Tuesday, September 3, 2024

Love Life(ラブライフ) Japanese Film Thoughts(2022)


 


   Love Life is a Japanese film released in 2022 by director Koji Fukada and stars Fumino Kimura, Kento Nagayama, with Hirona Yamazaki. The film was met with positive reviews after its debut at many foreign film festivals. Much like Fukada's other films, viewers praised this film for its deep dive into human emotion through loss. 




   A wife is caught between a rock and a hard place after her ex husband comes back into her life just when tragedy strikes her newly formed family. It doesn't help that the cracks in her relationship with her husband and his family also start to show. 

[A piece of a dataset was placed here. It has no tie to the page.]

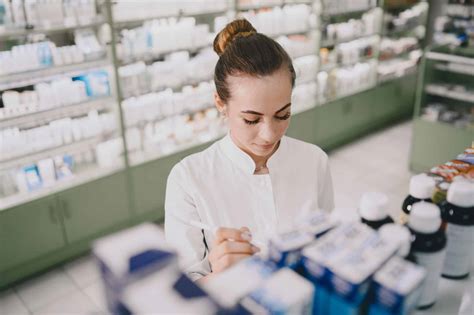 What is a Pharmacy Technician? Duties, Job Outlook & More (2024)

   Love Life is a very very mature like a disfunction after the loss of a loved one. That loss is what really causes the disfunction to show. Even though, some people might try their hardest to hide the cracks, they're still there and will just get bigger over time. All the characters have emotional issues which are shown from the very first scene of awkwardness. You feel so weird that it makes you question what happened. Then, more scenes come that make you kinda cringe and you began to realize that they foundation that this family was built on started out wrong in the first place. Sadly, a child is caught in the crossfire of the disfunction. I guess the two parents come to an understanding that this is some kind of new normal  for them because the film ends with acceptance in a way. What was really enjoyable about this film was the back and forth between what was right or wrong. There really was no real concrete answer. Cheating is wrong, Abandonment is wrong. Breaking up a relationship before it gets to the alter is wrong too. However, if a relationship can survive this much then, you have something fruitful. 






    This film makes some great use of filmography to covey the progression of the story. I loved the slow motion of the plane gliding through the tub of water, or the far off shot of the final scene. Fukada wades in emotional pain from the camera lens.  







    The whole cast is good at crafting what is unsaid in their performances. We get a lot of self control until one character reaches a boiling point. Man... Do these characters have their moments. Sometimes you have to let out how you truly feel.